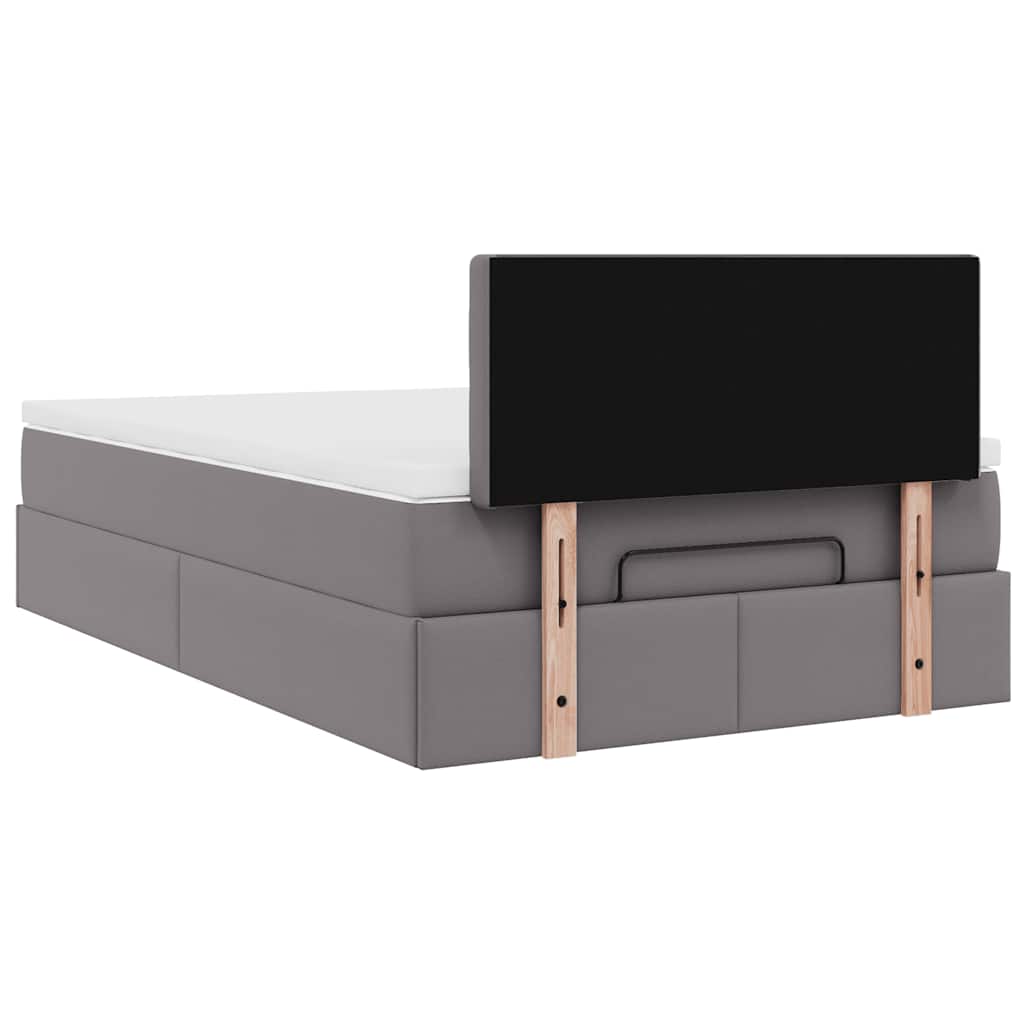 Ottoman bed met matrassen en LED's 120x200cm kunstleer grijs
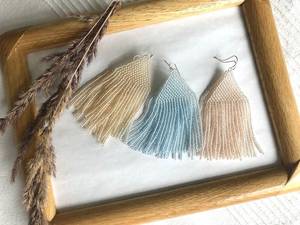 Geometric Beaded <b>Drop</b> Earrings Women's Bohemia Style Crystal Rhinestone Fashion Jewelry Party Accessories Light Blue Beige Pink - Product Image 3
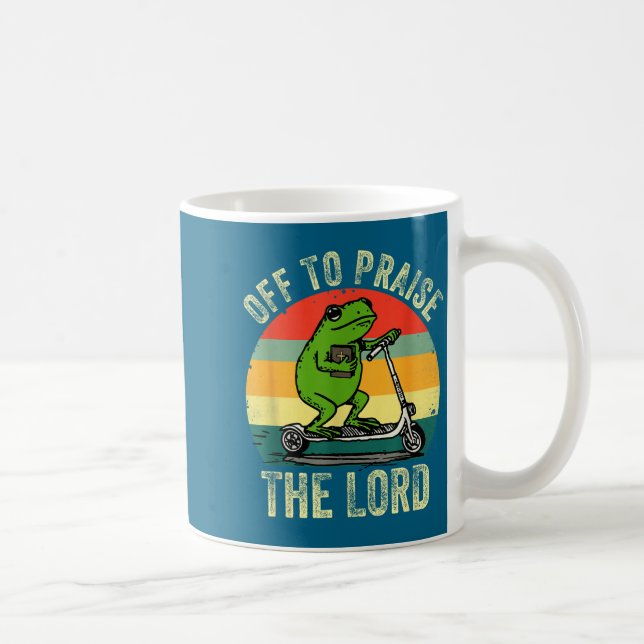 Off To Praise The Lord Funny Frog Bible Study Jesu Kaffeetasse (Rechts)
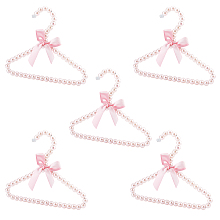 AHANDMAKER 5 Pack Pearl Beads Metal Elegant Clothes Hangers, Small Pet Hanger Plastic Pearl Beaded Clothes Hangers, for Pet Cats and Dogs, Puppet Clothes (Pink)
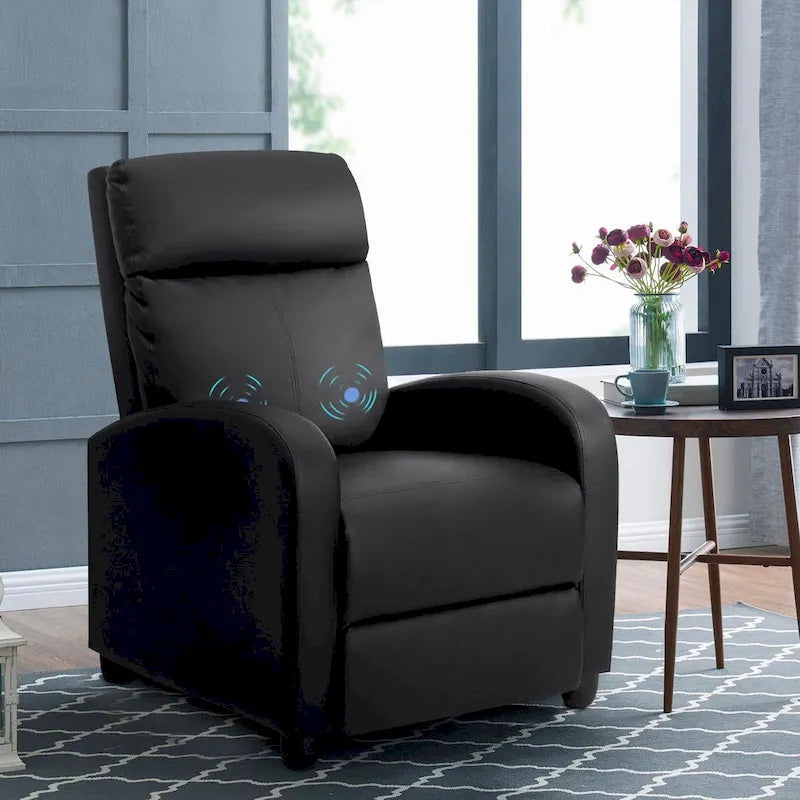 Homall Massage Recliner PU Faux Leather Home Theater Recliner with Padded Seat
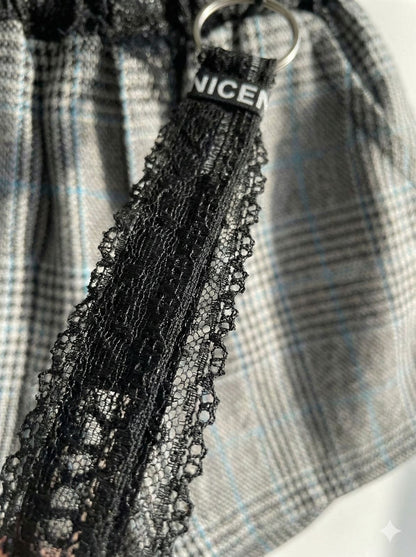 Checkered Fashion Girls Shorts with Lace Waist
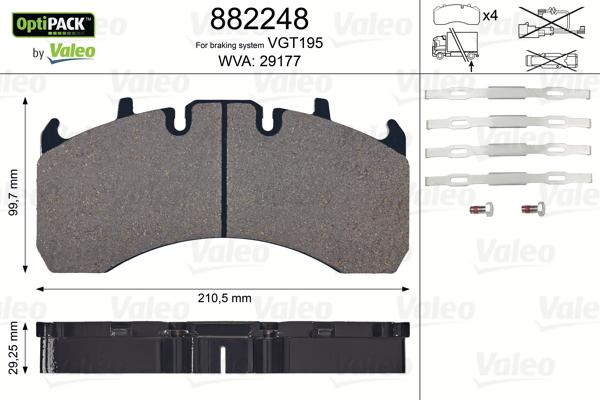 Valeo 882248 - Brake Pad Set, disc brake autospares.lv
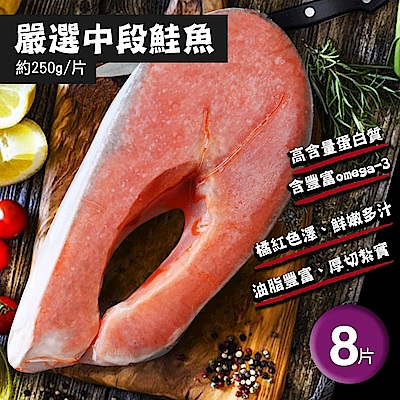 築地一番鮮-智利中段輪切鮭魚 8片(250g/片)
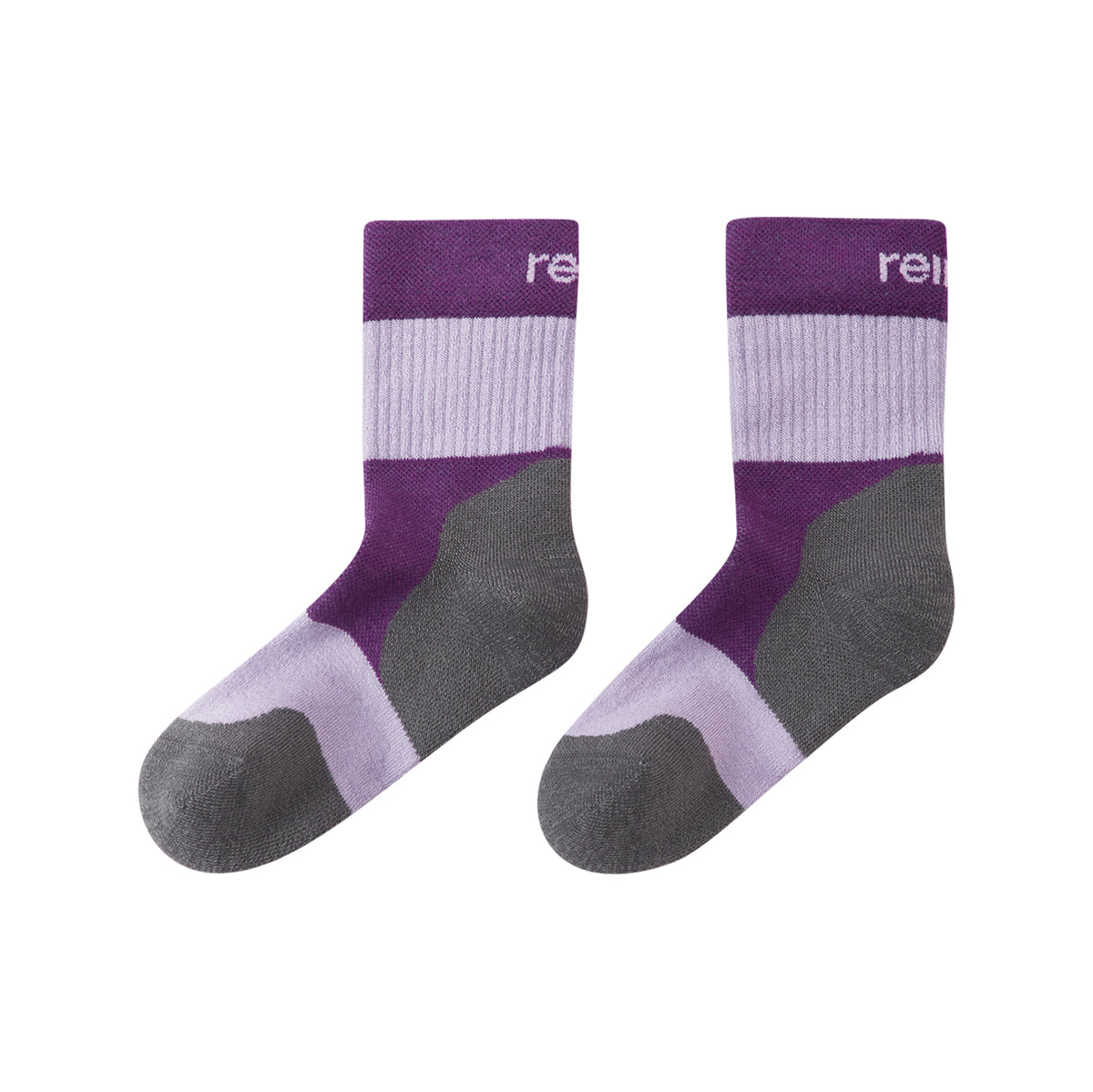 Pair of purple and gray socks with 'reima' branding on a white background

------------

**Requirement**:
Pictures stay out of this copy; write out the entries above exactly.

**Response**:
 Ottoman bed met matrassen en LED's 120x200cm kunstleer grijs
 Geometric Beaded <b>Drop</b> Earrings Women's Bohemia Style Crystal Rhinestone Fashion Jewelry Party Accessories Light Blue Beige Pink - Product Image 3
 Off To Praise The Lord Funny Frog Bible Study Jesu Kaffeetasse (Rechts)
 AHANDMAKER 5 Pack Pearl Beads Metal Elegant Clothes Hangers, Small Pet Hanger Plastic Pearl Beaded Clothes Hangers, for Pet Cats and Dogs, Puppet Clothes (Pink)
 Homall Massage Recliner PU Faux Leather Home Theater Recliner with Padded Seat
 Checkered Fashion Girls Shorts with Lace Waist
 Valeo 882248 - Brake Pad Set, disc brake autospares.lv
 築地一番鮮-智利中段輪切鮭魚 8片(250g/片)
 Pair of purple and gray socks with 'reima' branding on a white background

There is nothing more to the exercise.